Tunnel Warfare (1965): a model film on resistance

     Tunnel Warfare (1965, dir. Ren Xudong), is a model film about resistance. It not only takes resistance against the Japanese as a major theme, but is an explicitly political film that trumpets resistance under the guidance of Mao Zedong's Chinese Communist Party. Indeed, it is so overtly political that it might be dismissed by many viewers today as a piece of propaganda. Yet it is valuable because it reveals a lot about how the war has been portrayed to and understood by millions, and also depicts key elements of the Communists' strategy of resisting the Japanese.

     The CCP presented Tunnel Warfare as a model film. It was a product of the early Maoist era, the Seventeen Years from 1949 to 1966, during which the party established control over production and exhibition, and sought, in the words of the prominent Communist intellectual Guo Moruo, 'to eliminate the poisonous imperialist films gradually and strengthen the educational nature of the people's film industry'.49 Like many other works of art and literature, it followed the central tenets of Mao Zedong's 1942 "Talks at the Yan'an Conference on Literature and Art", which dictated that art should serve politics. The purpose was to harness the power of these cultural forms to serve political goals, as well as to rein in intellectuals to make sure that they did not promote ideas that contradicted the party's objectives.50 In a careful analysis of films of the period, one scholar has detected a "distinct generic style" that reveals a "revolutionary romanticism" amalgamated with Socialist Realism. It was a "cinematic orthodoxy" that fully conformed with Maoist ideology.51 In this orthodox style, peasants, workers, and soldiers all strive to resist the Japanese or bring about revolution—under the guidance of Chairman Mao's Chinese Communist Party. And unlike earlier films whose aesthetics and messages may have been more sophisticated and subtle, there is no ambiguity in films like Tunnel Warfare, which adopt a colloquial language and fast-paced action and a cast of unmistakable heroes and villains to educate and entertain the masses for whom they were intended. A number of works that the party leadership and audiences deemed especially successful at achieving these goals became known as 'red classics'. This term was first applied to certain novels from the Seventeen Years, but later broadened to include more cultural forms including films, plays, operas and ballets, picture storybooks, and artworks.52Tunnel Warfare was one of the films that attained the status of a 'red classic'. Indeed, it was produced for educating the people, together with Mine Warfare (Dilei zhan, 1962). The two war films were repeatedly shown, often at open-air venues, nationwide throughout the Cultural Revolution (1966–1976) and unquestionably had a powerful effect in shaping how people, especially children, imagined the war.53 Tunnel Warfare has been watched by millions of Chinese over decades and retains the power to entertain and inform audiences worldwide today.

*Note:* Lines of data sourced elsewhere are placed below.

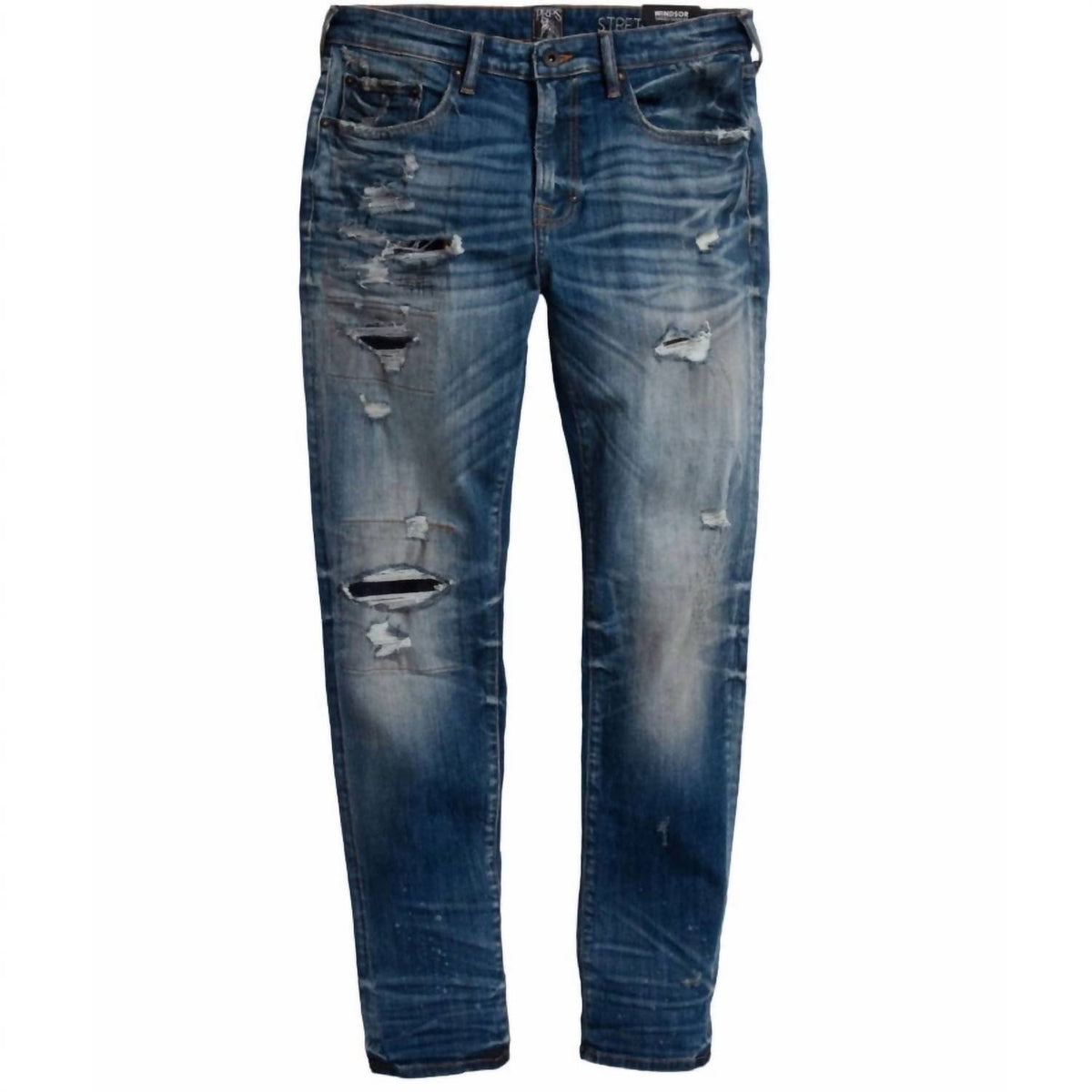 Prps - MEN'S WINDSOR DEET JEAN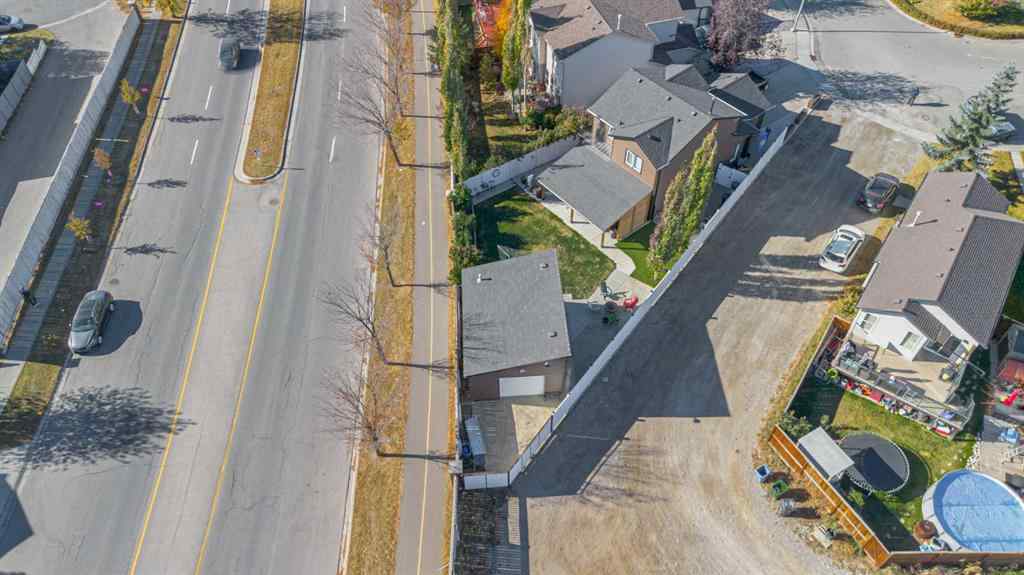 MLS® A2265186 - 148 Covepark Close NE in Coventry Hills Calgary, Residential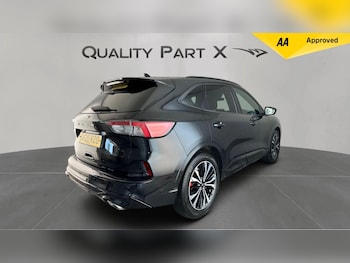 Used Ford Kuga 2020 for sale - 76824955: Photo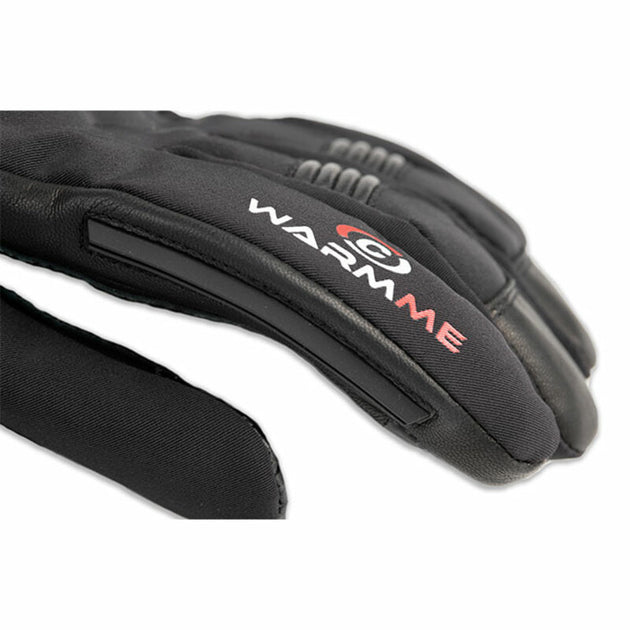 CAPIT WarmME Heated Gloves - Black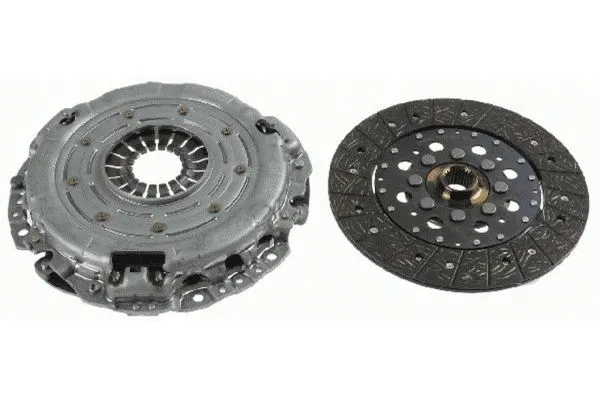 Kit d'embrayage KAWE 962787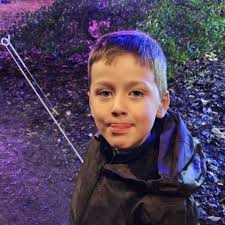 Fundraiser for Conor Loughran by Grace Gibson : Fighting for Finn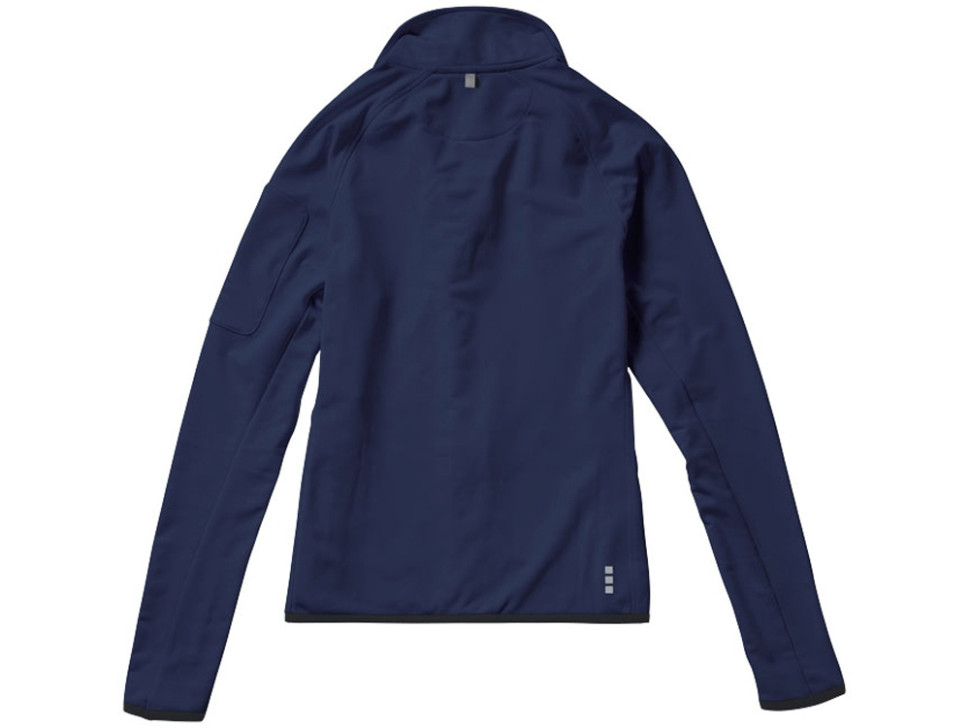 Куртка флисовая Mani женская Куртка флисовая Mani женская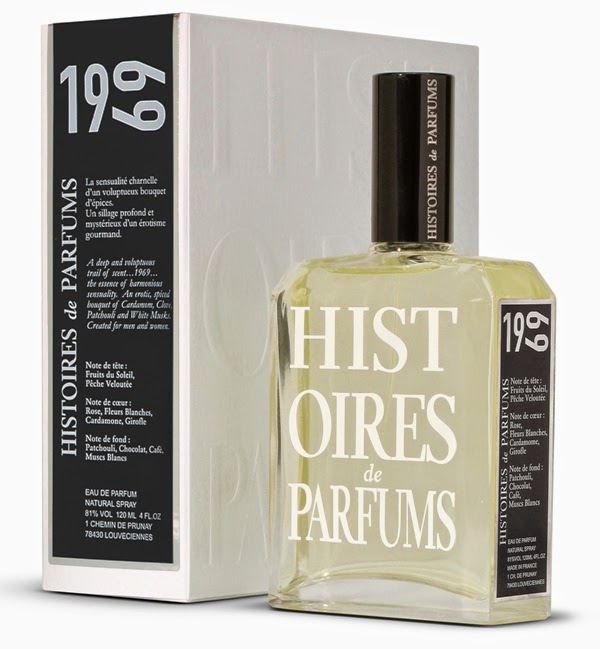 Histoires de Parfums 1969, fragrance, perfume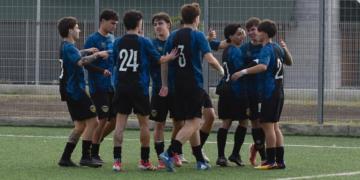 Latina: 4 gol e vetta confermata! Rocchi sconfitto di misura a Sorrento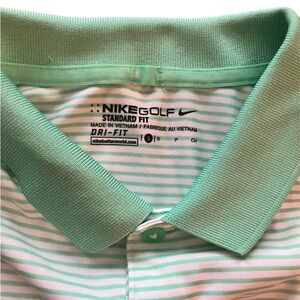 Nike Golf polo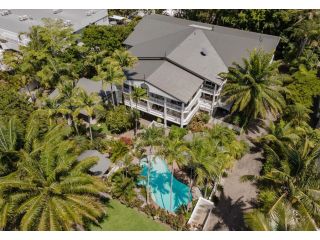 Garrick House Aparthotel, Port Douglas - 2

     Tunnel Warfare is set in 1942 in Hebei Province in North China, where the people seek to thwart the mop-up campaigns of Japan's North China Area Army (NCAA) supported by their surrendered Chinese 'puppet' troops. The story centers on the peasant militia members of Gaojia Village and the Eighth Route Army and other Communist military units who guide and aid the peasants' efforts. It is a highly ideological film, and idealized to the point that not only is it clear from the outset which side will triumph, very few deaths of peasants are shown. Those that do die onscreen die bravely and in acts of heroic self-sacrifice. However, despite this unrealistic portrayal, the film is valuable for viewers today for at least two reasons.54 First, the film exemplifies the theme of resistance of the Chinese people under Communist leadership. Second, although idealized and ideological, the film portrays many aspects of the historical context that illustrate realities affirmed by historical research, particularly how the Communists conducted guerrilla warfare.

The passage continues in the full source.